Last week, Pres. Obama touted GM’s triumphant turnaround by driving a $41,000 Impala a few feet and claiming that the GM bailout saved a million jobs. Obama is fond of saying he saved jobs because he cannot claim that he created any. ‘It could have been worse’ used to be the slogan for perennial losers, not the US President. Shout Bits has been highly skeptical of the GM bailout, and while Obama tried his best to lipstick this pig, GM continues to be a national disaster that is only made worse by Washington politics.
If intelligent investors are skeptical about reducing a company’s success to a single net income figure, they should laugh at Obama’s GM announcement. GM has yet to release its quarterly earnings report, itself a top level summary, and has only signaled that it expects to announce a profit. GM is a sprawling empire, and an overall profit might say nothing about Obama’s bailout. True, GM has added a few more shifts to its factories and its unit volume is up somewhat, but the same is also true for the companies Obama did not bail out (the ones without UAW contracts). In other words, the media has bought a shadowy hint at recovery as a newsworthy truth.
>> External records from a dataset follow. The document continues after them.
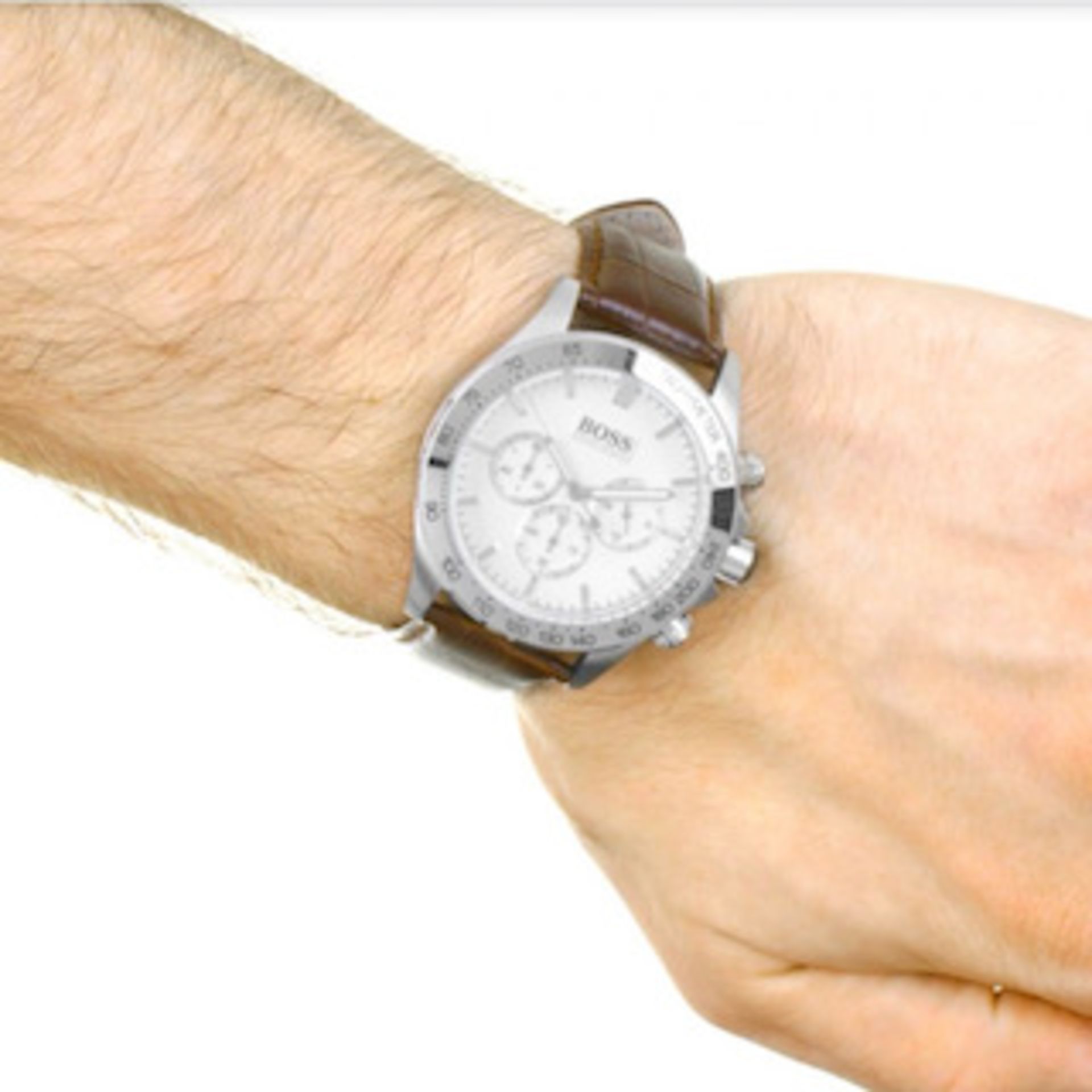 Hugo Boss 1513175 Men's Ikon Brown Leather Strap Chronograph Watch - Image 3 of 6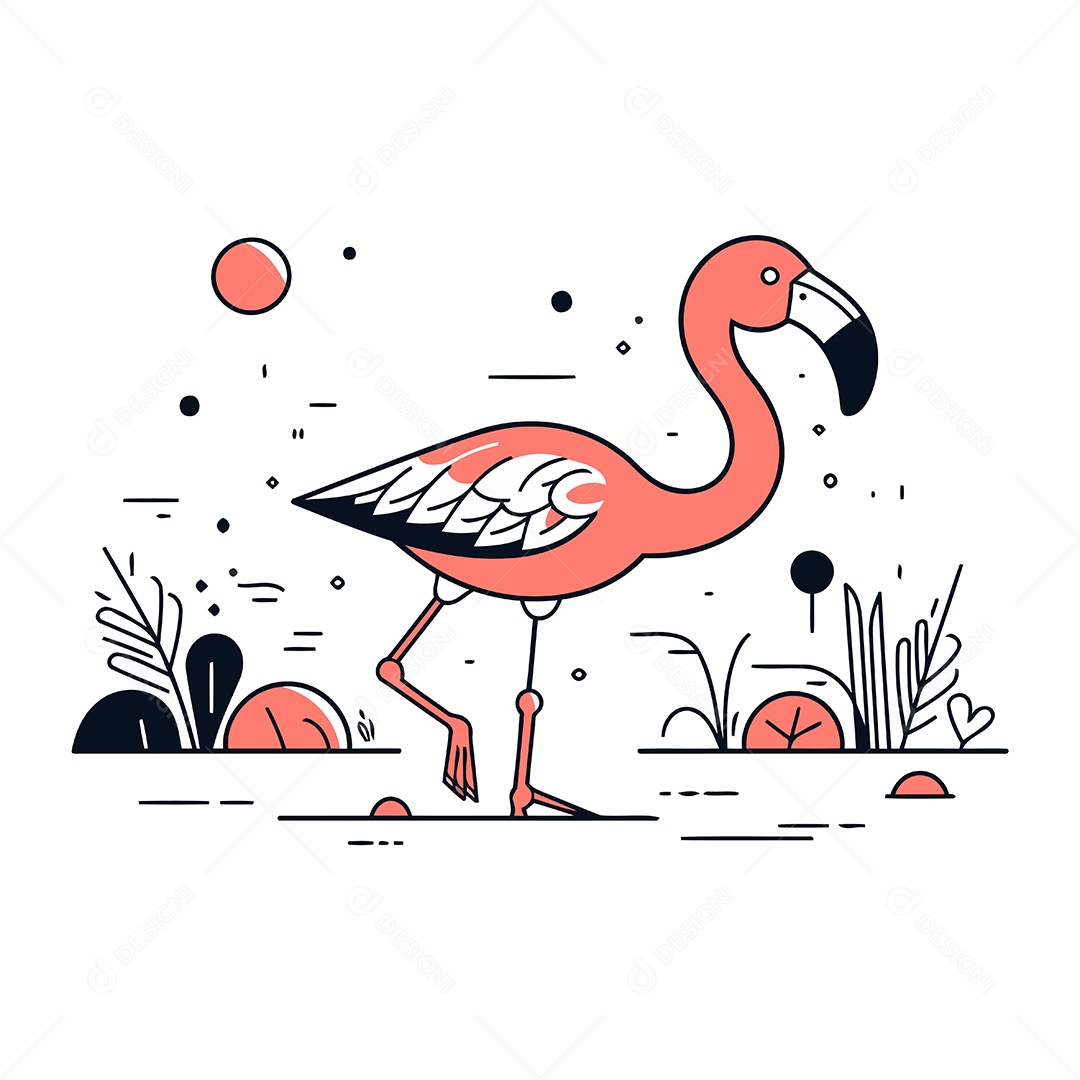 Flamingo de Desenho Animado Ilustração Vetor EPS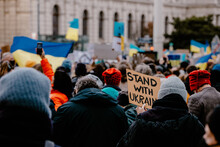 February 26, 2022 - Vienna, Austria: A Peaceful Protest In Vienna Against The War In Ukraine. Russia's Aggression Towards Ukraine. Support For Ukrainians In Vienna.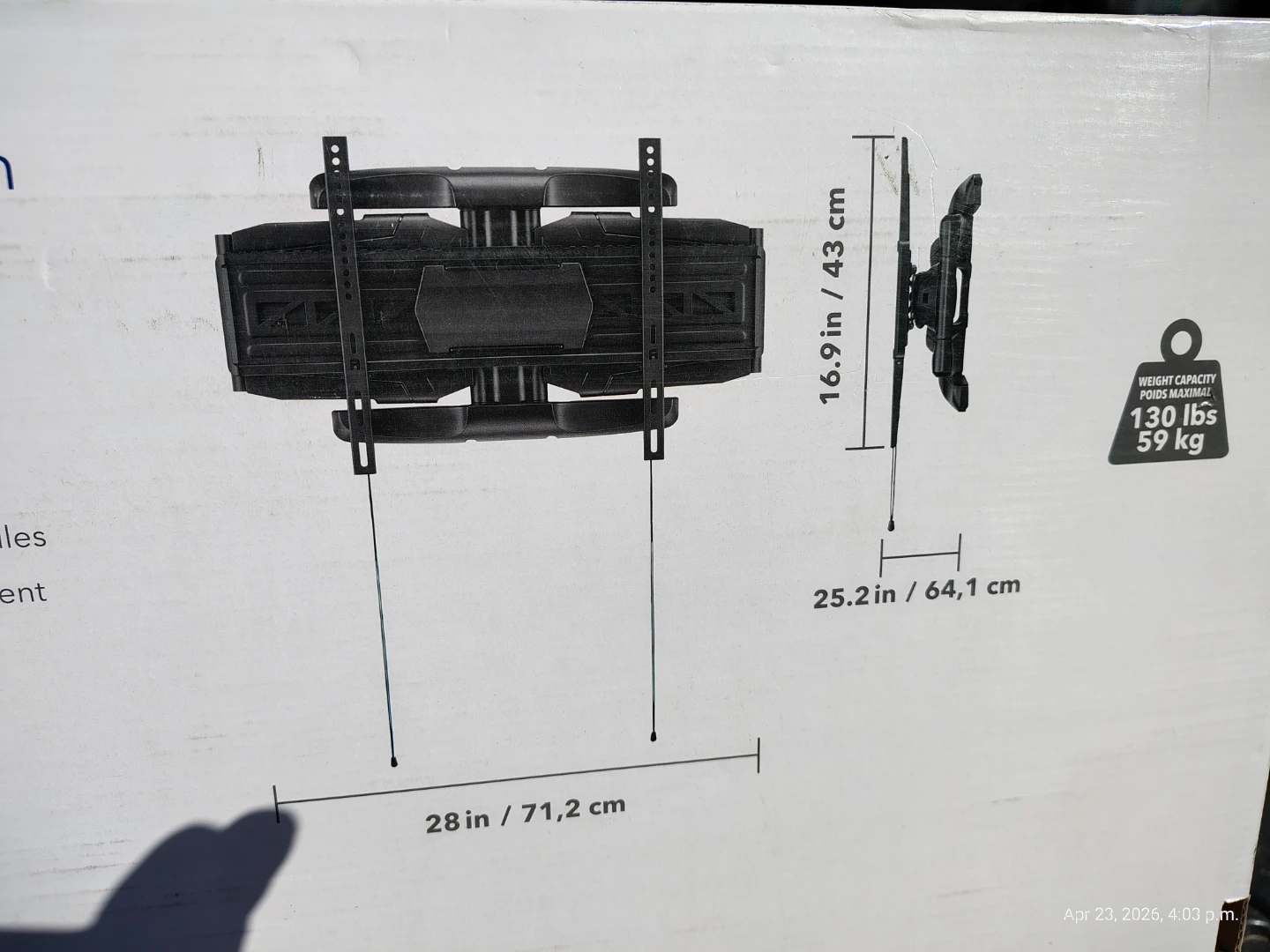 47 to 90 Inch TV Full Motion Wall Mount *new* - photo 3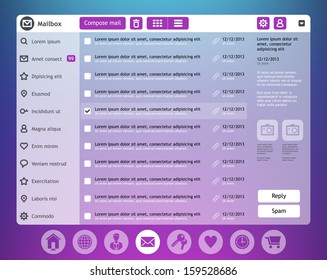 Email Interface. Website Design Template. Eps 10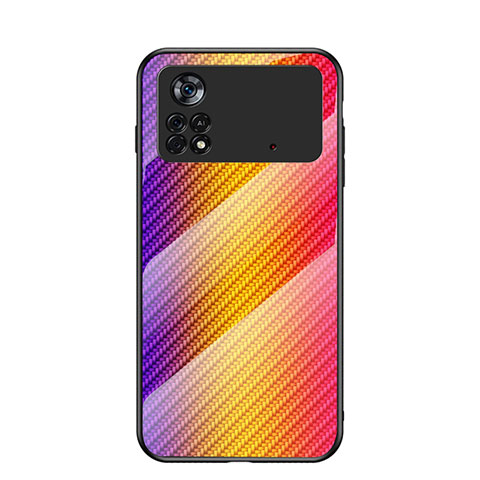 Silikon Schutzhülle Rahmen Tasche Hülle Spiegel Farbverlauf Regenbogen LS2 für Xiaomi Redmi Note 11E Pro 5G Orange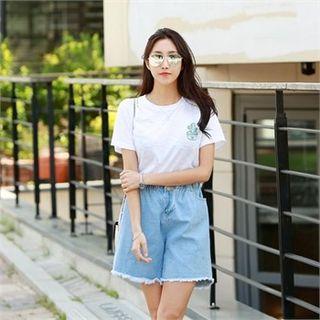 Cactus-printing Cotton T-shirt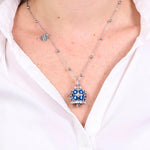 Collana in Metallo con campana a pois blu  e zirconi grande - BYSIMON gioielli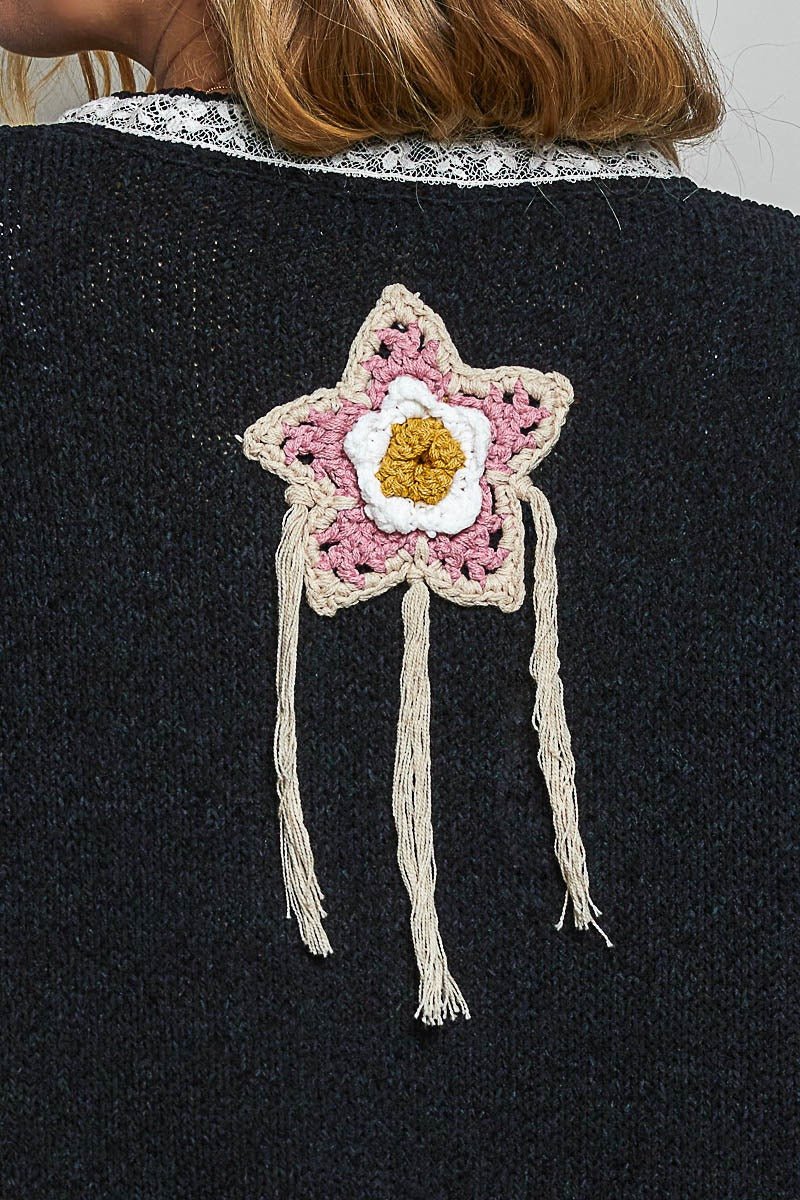 Starling Crochet Appliqué Sweater - Westly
Obama claimed that had he not violated bankruptcy law by moving the UAW to the front of the money line, GM would no longer exist. Had Obama not illegally used money designed to bail out banks to finance GM’s bankruptcy, a million jobs would now be permanently lost. These are bold claims, even by Washington standards. Obama assumes that had GM failed naturally, that nobody would have stepped in to finance its bankruptcy and that GM would simply cease to exist. Despite all its mismanagement and crippling unions, GM still sold a huge portion of the world’s cars. In some form, its operations had value, and someone would have stepped in to restructure it. Most of those million jobs would have continued with or without Obama.
What Obama should have said is that he saved a million union jobs. Without the Obama bailout, a bankruptcy judge would have been free to terminate all of GM’s union contracts. GM would have been free to move some factories to states with right to work laws. The new GM would have enjoyed the same competitive advantages as other US manufacturers like Honda and Toyota. As of 2007, there were only 8 million private sector union jobs in the US, so letting nearly a million of them go would have been a devastating blow to Democrats. By trampling the law and property rights, Obama saved the unions that fund Democrat politics.
Instead of allowing GM to truly restructure, Obama has bailed out GM so that it can continue its slow decline to another crisis and bailout. GM recently spent $3.5 billion taxpayer dollars to buy AmeriCredit, a sub-prime car loan outfit. Risky financing is part of what led GM to bankruptcy, and the AmeriCredit buy shows that GM plans to resume that course of propping up sales by lending to unqualified buyers. Thanks to unlimited government backing, GM is once again a sub-prime lender that also makes cars.
Just to show who is really in charge of GM – the UAW and the White House – GM’s upcoming IPO was announced not by GM’s CFO, but by the UAW president. Of course the proceeds of the IPO should go to repay the bailout loan or to bolster GM’s underfunded pensions, but that is not how Washington runs a business. Expect the proceeds to be used to restore the miniscule pay cuts the UAW took when GM went begging. The White House owns GM, and the UAW owns the White House.
So, let’s check the reality of Obama’s GM preening. Jobs saved, zero. Companies restored to a sustainable business model, zero. Pensions restructured to avoid future catastrophes, zero. Rescue of union contributions to future Democrat campaigns, mission accomplished.